Router(config)# route-map EIGRP2OSPF deny 5 Router(config-route-map)# match tag 1 Router(config-route-map)# route-map EIGRP2OSPF permit 10 Router(config-route-map)# set tag 2 ! Router(config)# route-map OSPF2EIGRP deny 5 Router(config-route-map)# match tag 2 Router(config-route-map)# route-map OSPF2EIGRP permit 10 Router(config-route-map)# set tag 1 ! Router(config)# router eigrp 1 Router(config-router)# redistribute ospf 2 route-map OSPF2EIGRP metric 1 1 1 1 1500 ! Router(config-router)# router ospf 2 Router(config-router)# redistribute eigrp 1 route-map EIGRP2OSPF subnets
Prefix Lists
A prefix list matches both the subnet, or prefix, and the number of bits in the subnet mask. Similar to an access list, it consists of one or more statements permitting or denying prefixes. Routers evaluate the prefix statements in order, stopping if they find a match. There is an implicit “deny all” at the end of the prefix list. The command syntax follows:
ip prefix-list {list-name [ seq number] {deny | permit} network/length [ ge ge-length] [ le le-length]
The meaning of each command field is detailed in Table 4-1.
Table 4-1 The ip prefix-list Command
Command |
Field Meaning |
list-name | Gives a name to the prefix list. Prefix lists are named, not numbered. |
seq number | [Optional] Assigns a sequence number to the prefix list statement. Statements are numbered in increments of 5 by default, enabling a statement to be inserted between two others by using the seq option. |
deny | permit | Denies or permits the matching prefix. |
network/length | Configures the prefix and number of bits that must be matched. If no ge or le option is given, the length also equals the length of the subnet mask. |
ge ge-length | [Optional] Stands for “greater than or equal to.” Specifies the minimum number of bits a subnet mask must have to match the statement. |
le le-length | [Optional] Stands for “lesser than or equal to.” Specifies the maximum number of bit a subnet mask can have to match the statement. |
Some sample prefix lists include
- ip prefix-list CCNP permit 0.0.0.0/0: Permits only a default route.
- ip prefix-list CCNP permit 0.0.0.0/0 le 32: Permits all routes (equivalent to a “permit any” in an access list.) The prefix 0.0.0.0/0 means that none of the prefix bits must be matched. “Le 32” means that the subnet mask must be less than or equal to 32. Thus any network will match this statement.

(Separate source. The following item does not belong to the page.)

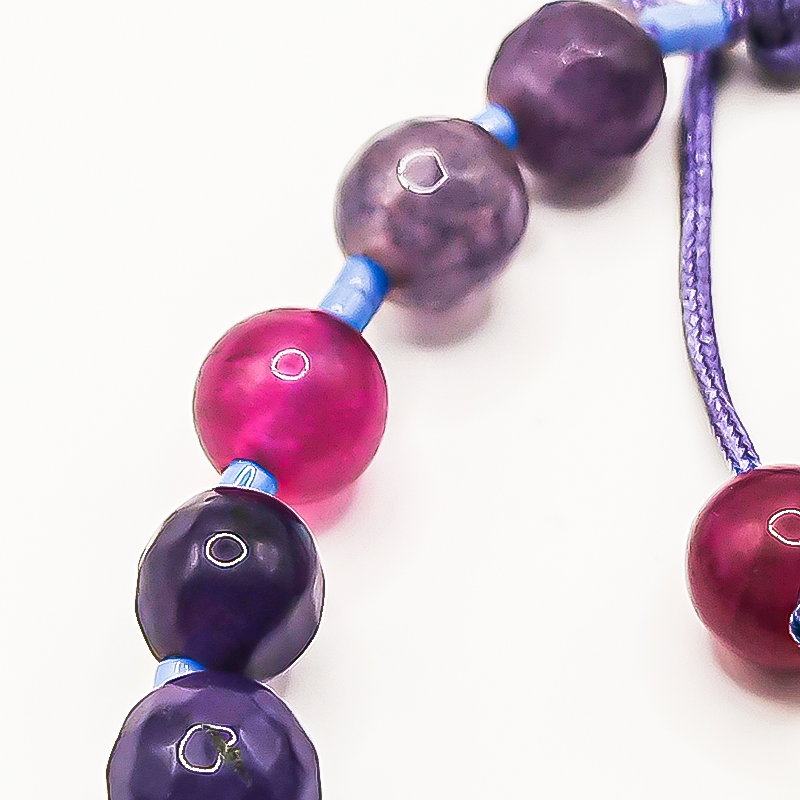 دستبند سنگ عقیق بنفش و سرخابی پلاک پروانه بلتا گالری مدل دایانا 14 نمای جانبی دستبند دایانا با سنگهای طبیعی و نخ بنفش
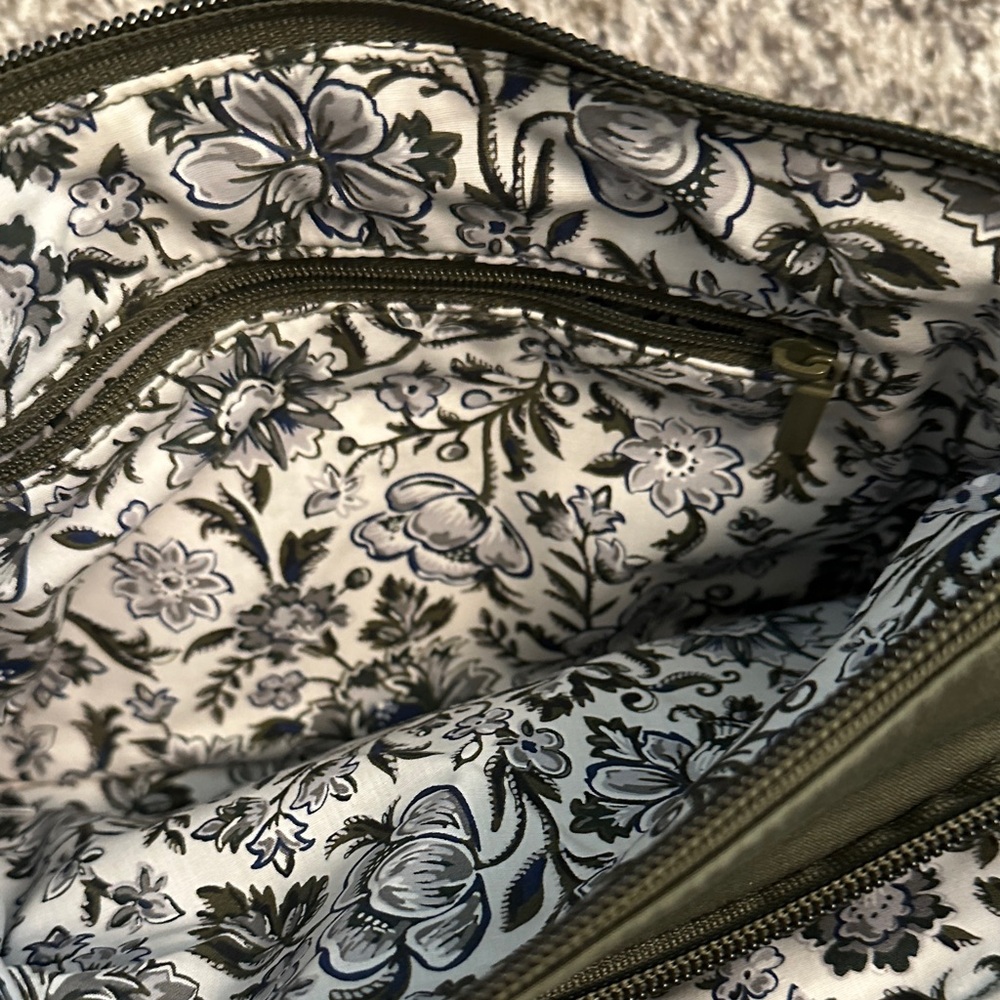 Vera Bradley Olive Green Crossbody Bag - Picture 3 of 4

- ip prefix-list CCNP permit 0.0.0.0/0 ge 32: Permits only host routes. The prefix 0.0.0.0/0 means that none of the prefix bits must be matched. “Ge 32” means that the subnet mask must be exactly 32 bits, thus this statement matches only host routes.
- ip prefix-list CCNP permit 10.0.0.0/8 ge 24 le 24: Permits any route whose first 8 bits equal 10, with a subnet mask of exactly 24 bits.
Before taking the ROUTE exam, be sure you understand and can interpret prefix lists.
Prefix lists can be used in a route map to control redistribution of networks. They can also be applied to a BGP neighbor to filter routing updates to that neighbor.
Distribute Lists
A distribute list enables you to filter both routing updates and routes being redistributed, through the use of an access list. Configure an access list that permits the routes to be advertised or redistributed, and then link that access list to the routing process with the distribute-list command, given under router configuration mode. This command has two options:
- distribute-list access-list in– Filters updates as they come in an interface. For OSPF, this controls routes placed in the routing table but not the database. For other protocols, this controls the routes the protocol knows about.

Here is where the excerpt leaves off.